## Prompt:
When you reach the line that contains "Hello everybody, I'm", begin copying exactly and continue through the last line below. Do not copy pictures.
··· Data below ···
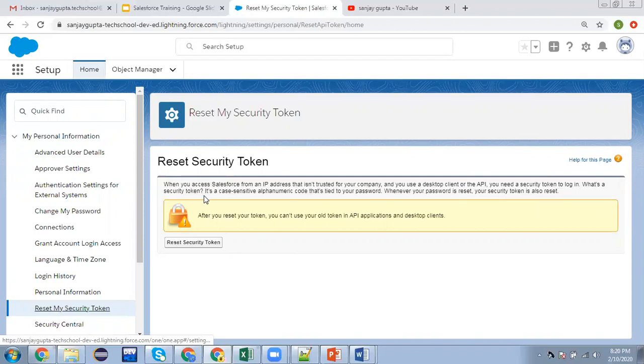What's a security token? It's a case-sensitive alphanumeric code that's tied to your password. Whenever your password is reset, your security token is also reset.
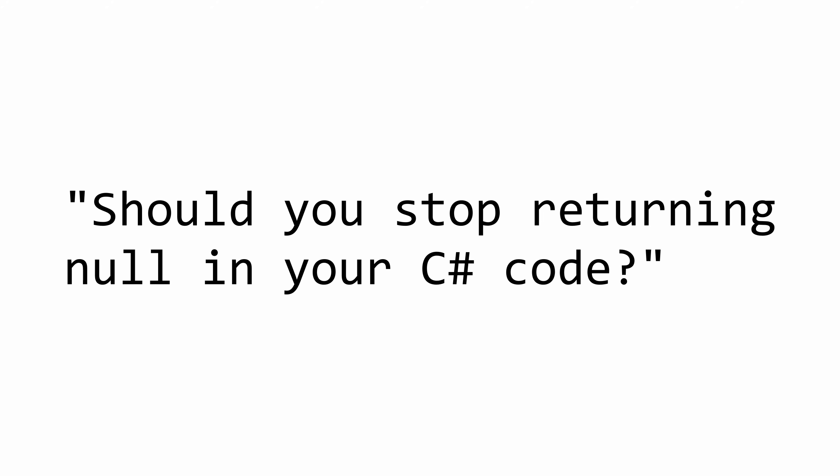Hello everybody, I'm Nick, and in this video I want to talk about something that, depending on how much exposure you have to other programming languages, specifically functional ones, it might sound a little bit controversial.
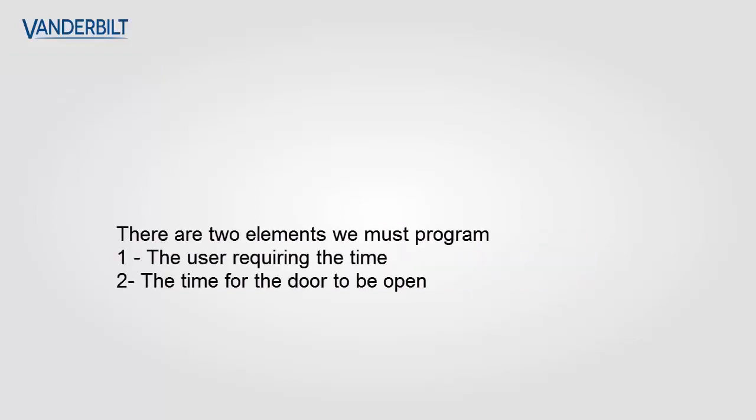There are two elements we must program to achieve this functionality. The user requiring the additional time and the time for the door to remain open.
···
## Result for this exercise:
Hello everybody, I'm Nick, and in this video I want to talk about something that, depending on how much exposure you have to other programming languages, specifically functional ones, it might sound a little bit controversial.
There are two elements we must program to achieve this functionality. The user requiring the additional time and the time for the door to remain open.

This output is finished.